The basic usage documented above is fine for one-off imports. If you have a lot to do, it’s worth while cleaning the input document first, and automating the post-conversion tidy up.

  1. Clean up the MS Word document:

    • Remove non-essential material (title pages, headers and footers, table of contents etc); it is usually easiest to copy just the body text into a new blank document

    • Switch off tracking and accept all changes

    • Ensure you have used Heading styles for headings

    • Ensure table titles are immediately above their table

    • Ensure figure titles are immediately above their figure

    • Ensure images are inserted as embedded files, not as links

    • Remove canvases and put any images they contained into the main flow as paragraph images (this limitation may be removed in the next release of pandoc)

    • Replace all internal references and auto-generated sequence numbers with their literal values (Ctrl+A, Ctrl+Shift+F9)

    • Remove text boxes and put their text into the main flow

    • Replace special characters: smart quotes with simple quotes, non-breaking hyphens with normal hyphens.

    • Remove all character formatting (Ctrl+A, Ctrl+B, Ctrl+B, Ctrl+I, Ctrl+I, Ctrl+U, Ctrl+U)

    • Optional: insert ids and cross references using AsciiDoc notation (You might find it easier doing it now rather than in the AsciiDoc document later.)

    • Save as "Strict Open-xml document (docx)"

  2. Convert using pandoc as shown above.

  3. Check that the output document looks OK, and that all images have been extracted.

    If for some reason pandoc is not extracting images, you can always extract them by using unzip tool. Docx is just a zip file with a docx file extension. Embedded images are located in word/media directory.

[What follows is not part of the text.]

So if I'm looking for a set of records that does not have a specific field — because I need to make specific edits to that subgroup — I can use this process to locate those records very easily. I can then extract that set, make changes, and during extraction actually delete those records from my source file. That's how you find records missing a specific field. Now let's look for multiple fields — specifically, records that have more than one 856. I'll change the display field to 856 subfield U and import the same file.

    $ unzip input.docx -d input-docx
      ls input-docx/word/media/
  4. Fix up the output, preferably with an editor that can do regular expressions:

    • Delete automatic ids (those beginning with undererscore)

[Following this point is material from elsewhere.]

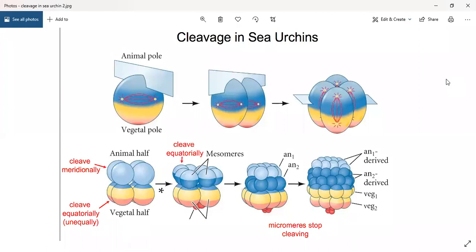After mid-blastula transition, the 128-cell stage arrives. The 64-cell stage is the blastula; then the 128-cell stage is the morula — a mulberry fruit-shaped stage. After the morula comes the blastula stage.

    • Replace long table delimiters with short ones.

    • Insert line-breaks to get to 1 sentence per paragraph.

    • Re-insert images and turn caption paragraphs back into Asciidoctor captions.

    • Replace the hard cross references with AsciiDoc references.

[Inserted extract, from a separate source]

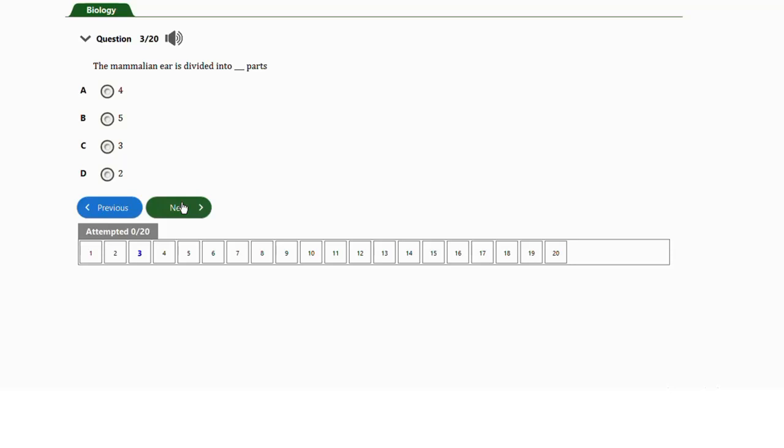The mammalian ear is divided into three parts: the outer ear, the middle ear, and the inner ear. The outer ear comprises the pinna and the auditory meatus — that's the ear passage — whereas the middle ear consists of the three bones known as the ear ossicles.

    • Fix tables - merged cells will have unmerged, column widths need putting back.

  5. Try to convert it, and fix any errors that come up.

The following are posix shell one-liners to automate some of these steps (adjust the regexps to match your particular document):

  • Delete automatically inserted ids

    $ perl -W -pe  's!\[\[_.*]]!!g' -i output.adoc
  • Shorten table delimiters

    $ perl -W -pe  's!\|==*!|====!g' -i output.adoc
  • 1 sentence per line. Be careful not to match lists. It will get confused by abbreviations, but there is no way around that.

    $ perl -W -pe 's!(\w\w+)\.\s+(\w)!$1.\n$2!g' -i output.adoc
  • Replace figure captions with id and title

    $ perl -W -pe 's!^Figure (\d+)\s?(.*)![[fig-$1]]\n.$2\n!g' -i output.adoc
  • Replace references to figures with asciidoc xref

    $ perl -W -pe 's!Figure (\d+)!<<fig-$1>>!g' -i output.adoc

Google Docs

Google Docs can already upload and edit MS Word docx files. Using the AsciiDoc Processor add-on by Guillaume Grossetie, you can copy and paste part or all of the document from Google Docs as AsciiDoc text. The features that it can handle seem to be substantially fewer than pandoc but expect further development. The source for the addon is at https://github.com/Mogztter/asciidoc-googledocs-addon/.

Plain Text

This method is only useful for very small files or if the other methods are not available.

It keeps the text, and fixes fields like auto-numbered lists and cross references.

It loses tables (converted to plain paragraphs), images, symbols, form fields, and textboxes.

In MS Word, use Save as  Plain text, then when the File Conversion dialog appears, set:

  • Other encoding: UTF-8

  • Do not insert line breaks

  • Allow character substition

Save the file then apply AsciiDoc markup manually.

Experiment with the encoding. Try UTF-8 first, but if you get problems you can always revert to US-ASCII.